== Segment start ==

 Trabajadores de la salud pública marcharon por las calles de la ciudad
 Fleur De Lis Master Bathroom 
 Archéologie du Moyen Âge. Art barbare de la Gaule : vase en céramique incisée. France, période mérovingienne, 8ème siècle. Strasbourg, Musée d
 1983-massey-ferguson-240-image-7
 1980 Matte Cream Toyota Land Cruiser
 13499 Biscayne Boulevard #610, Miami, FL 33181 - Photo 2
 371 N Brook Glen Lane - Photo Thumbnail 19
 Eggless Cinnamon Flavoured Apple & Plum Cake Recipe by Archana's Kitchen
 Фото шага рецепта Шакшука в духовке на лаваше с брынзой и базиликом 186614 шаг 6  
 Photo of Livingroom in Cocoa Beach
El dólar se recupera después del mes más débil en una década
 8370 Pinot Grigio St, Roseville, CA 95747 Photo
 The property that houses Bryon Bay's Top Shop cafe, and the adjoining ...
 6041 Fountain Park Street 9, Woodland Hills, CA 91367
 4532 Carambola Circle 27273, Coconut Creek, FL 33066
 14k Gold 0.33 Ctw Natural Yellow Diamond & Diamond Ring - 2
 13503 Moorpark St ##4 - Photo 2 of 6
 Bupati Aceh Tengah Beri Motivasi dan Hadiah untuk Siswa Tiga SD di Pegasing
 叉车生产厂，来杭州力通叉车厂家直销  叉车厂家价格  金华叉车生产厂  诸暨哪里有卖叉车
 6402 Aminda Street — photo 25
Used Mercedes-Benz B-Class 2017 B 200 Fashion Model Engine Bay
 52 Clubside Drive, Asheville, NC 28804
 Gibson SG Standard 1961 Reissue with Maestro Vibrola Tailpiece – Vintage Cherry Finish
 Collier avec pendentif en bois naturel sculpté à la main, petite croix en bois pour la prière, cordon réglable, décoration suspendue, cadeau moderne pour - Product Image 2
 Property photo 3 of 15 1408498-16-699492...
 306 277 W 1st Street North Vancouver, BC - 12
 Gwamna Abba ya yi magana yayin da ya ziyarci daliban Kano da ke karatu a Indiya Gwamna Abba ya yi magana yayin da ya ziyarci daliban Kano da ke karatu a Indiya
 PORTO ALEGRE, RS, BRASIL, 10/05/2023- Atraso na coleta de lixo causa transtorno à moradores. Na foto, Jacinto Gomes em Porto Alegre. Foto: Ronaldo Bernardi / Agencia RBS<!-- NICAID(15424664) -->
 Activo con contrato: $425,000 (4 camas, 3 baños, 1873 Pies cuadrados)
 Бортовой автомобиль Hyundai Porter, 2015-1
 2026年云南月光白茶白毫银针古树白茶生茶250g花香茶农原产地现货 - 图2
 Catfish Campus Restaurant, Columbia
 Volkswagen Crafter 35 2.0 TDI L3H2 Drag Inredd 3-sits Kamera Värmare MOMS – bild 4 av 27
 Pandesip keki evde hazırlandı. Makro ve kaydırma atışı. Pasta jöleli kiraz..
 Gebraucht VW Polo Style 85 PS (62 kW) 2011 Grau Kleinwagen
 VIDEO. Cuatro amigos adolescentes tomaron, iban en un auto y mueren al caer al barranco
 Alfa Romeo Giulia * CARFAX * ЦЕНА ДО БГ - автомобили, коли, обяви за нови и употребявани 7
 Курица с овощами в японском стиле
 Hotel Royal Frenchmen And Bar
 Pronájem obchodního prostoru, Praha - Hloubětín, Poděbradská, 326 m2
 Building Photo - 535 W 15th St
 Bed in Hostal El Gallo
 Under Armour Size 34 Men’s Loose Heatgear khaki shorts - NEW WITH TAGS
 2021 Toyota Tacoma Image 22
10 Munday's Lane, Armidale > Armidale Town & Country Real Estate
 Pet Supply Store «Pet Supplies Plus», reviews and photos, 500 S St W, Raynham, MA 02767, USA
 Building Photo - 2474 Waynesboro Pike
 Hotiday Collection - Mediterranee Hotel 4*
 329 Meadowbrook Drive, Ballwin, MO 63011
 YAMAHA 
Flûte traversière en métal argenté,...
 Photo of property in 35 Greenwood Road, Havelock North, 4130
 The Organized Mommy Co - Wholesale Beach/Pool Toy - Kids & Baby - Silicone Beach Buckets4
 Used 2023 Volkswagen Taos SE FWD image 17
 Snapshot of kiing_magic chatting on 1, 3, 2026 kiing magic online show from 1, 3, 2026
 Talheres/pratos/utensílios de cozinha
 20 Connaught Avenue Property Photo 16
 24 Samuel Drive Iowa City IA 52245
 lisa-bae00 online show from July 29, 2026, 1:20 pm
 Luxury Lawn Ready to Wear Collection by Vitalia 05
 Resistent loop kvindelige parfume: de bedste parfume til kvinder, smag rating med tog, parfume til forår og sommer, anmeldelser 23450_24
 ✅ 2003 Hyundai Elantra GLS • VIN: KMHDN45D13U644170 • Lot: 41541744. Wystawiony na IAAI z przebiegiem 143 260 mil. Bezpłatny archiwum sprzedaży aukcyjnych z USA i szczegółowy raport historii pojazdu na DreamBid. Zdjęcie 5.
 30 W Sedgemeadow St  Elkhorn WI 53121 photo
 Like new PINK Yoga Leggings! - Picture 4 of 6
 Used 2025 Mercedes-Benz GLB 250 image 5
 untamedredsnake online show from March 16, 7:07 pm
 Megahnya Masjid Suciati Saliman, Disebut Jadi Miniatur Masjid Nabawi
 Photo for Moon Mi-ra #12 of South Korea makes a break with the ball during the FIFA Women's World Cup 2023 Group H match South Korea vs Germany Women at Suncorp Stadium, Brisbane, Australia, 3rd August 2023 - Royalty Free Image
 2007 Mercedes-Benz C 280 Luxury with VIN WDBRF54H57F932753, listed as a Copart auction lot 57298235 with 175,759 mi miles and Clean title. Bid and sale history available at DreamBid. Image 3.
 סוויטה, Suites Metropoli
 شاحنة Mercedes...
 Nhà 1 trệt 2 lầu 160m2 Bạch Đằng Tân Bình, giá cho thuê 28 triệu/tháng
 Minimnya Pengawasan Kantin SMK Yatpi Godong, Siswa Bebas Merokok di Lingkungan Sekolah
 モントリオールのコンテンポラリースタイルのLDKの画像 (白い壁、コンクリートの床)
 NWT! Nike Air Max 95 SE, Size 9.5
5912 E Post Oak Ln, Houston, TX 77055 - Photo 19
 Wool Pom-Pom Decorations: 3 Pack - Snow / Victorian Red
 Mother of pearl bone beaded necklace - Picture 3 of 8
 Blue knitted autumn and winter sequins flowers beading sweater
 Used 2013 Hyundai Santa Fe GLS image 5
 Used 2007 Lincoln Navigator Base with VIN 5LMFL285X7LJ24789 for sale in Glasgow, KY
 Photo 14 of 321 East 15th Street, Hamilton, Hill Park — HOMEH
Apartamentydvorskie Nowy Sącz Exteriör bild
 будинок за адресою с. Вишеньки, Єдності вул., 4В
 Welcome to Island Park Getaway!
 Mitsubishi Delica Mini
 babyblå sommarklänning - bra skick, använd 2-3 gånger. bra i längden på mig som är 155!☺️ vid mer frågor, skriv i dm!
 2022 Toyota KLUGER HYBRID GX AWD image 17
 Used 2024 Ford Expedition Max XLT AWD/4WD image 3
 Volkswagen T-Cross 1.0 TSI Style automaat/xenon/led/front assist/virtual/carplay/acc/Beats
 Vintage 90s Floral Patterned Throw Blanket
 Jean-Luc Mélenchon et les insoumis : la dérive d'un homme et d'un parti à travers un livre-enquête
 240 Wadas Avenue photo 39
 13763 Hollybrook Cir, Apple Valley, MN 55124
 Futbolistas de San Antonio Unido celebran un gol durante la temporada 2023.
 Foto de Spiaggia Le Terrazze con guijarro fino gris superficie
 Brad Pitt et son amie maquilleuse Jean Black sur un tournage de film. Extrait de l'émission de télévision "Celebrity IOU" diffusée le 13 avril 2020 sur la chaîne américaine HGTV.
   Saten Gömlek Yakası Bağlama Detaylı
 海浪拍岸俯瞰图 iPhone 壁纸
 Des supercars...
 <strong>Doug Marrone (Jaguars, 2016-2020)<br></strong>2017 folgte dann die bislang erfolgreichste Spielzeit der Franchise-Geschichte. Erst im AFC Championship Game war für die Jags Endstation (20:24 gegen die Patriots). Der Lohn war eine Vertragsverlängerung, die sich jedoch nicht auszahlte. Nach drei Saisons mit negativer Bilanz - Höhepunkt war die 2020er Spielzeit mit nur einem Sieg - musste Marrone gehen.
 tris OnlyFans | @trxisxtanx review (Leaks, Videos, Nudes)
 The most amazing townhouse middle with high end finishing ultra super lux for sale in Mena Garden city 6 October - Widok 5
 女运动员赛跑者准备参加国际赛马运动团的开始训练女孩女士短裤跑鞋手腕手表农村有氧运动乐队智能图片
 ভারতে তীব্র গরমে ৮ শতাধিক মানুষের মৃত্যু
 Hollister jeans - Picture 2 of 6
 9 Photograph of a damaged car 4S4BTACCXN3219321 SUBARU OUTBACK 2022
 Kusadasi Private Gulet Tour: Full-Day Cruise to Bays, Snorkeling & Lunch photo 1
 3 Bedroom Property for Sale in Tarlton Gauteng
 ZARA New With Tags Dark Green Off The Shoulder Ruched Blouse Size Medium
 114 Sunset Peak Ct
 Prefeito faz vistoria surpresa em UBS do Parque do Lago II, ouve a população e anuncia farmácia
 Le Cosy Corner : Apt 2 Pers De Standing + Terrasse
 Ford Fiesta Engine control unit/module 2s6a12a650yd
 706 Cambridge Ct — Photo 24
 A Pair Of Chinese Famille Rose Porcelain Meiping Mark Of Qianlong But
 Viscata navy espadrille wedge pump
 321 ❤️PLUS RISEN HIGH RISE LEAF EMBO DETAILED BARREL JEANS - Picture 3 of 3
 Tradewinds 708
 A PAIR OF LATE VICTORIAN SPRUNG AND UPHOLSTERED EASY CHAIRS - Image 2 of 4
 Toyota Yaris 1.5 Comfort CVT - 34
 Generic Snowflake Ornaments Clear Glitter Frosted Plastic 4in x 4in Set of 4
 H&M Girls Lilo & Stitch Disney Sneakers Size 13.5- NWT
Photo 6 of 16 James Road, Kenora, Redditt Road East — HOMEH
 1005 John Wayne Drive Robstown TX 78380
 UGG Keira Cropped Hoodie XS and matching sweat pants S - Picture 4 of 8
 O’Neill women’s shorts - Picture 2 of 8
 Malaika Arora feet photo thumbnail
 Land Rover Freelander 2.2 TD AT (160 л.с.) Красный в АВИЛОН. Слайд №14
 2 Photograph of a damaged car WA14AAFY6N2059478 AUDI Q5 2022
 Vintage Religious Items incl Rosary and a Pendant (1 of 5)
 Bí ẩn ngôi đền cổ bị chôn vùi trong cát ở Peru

== Segment end ==

Wherever "Vintage" occurs in the entries above, copy the line it sits on.

Task solution
 Gibson SG Standard 1961 Reissue with Maestro Vibrola Tailpiece – Vintage Cherry Finish
 Vintage 90s Floral Patterned Throw Blanket
 Vintage Religious Items incl Rosary and a Pendant (1 of 5)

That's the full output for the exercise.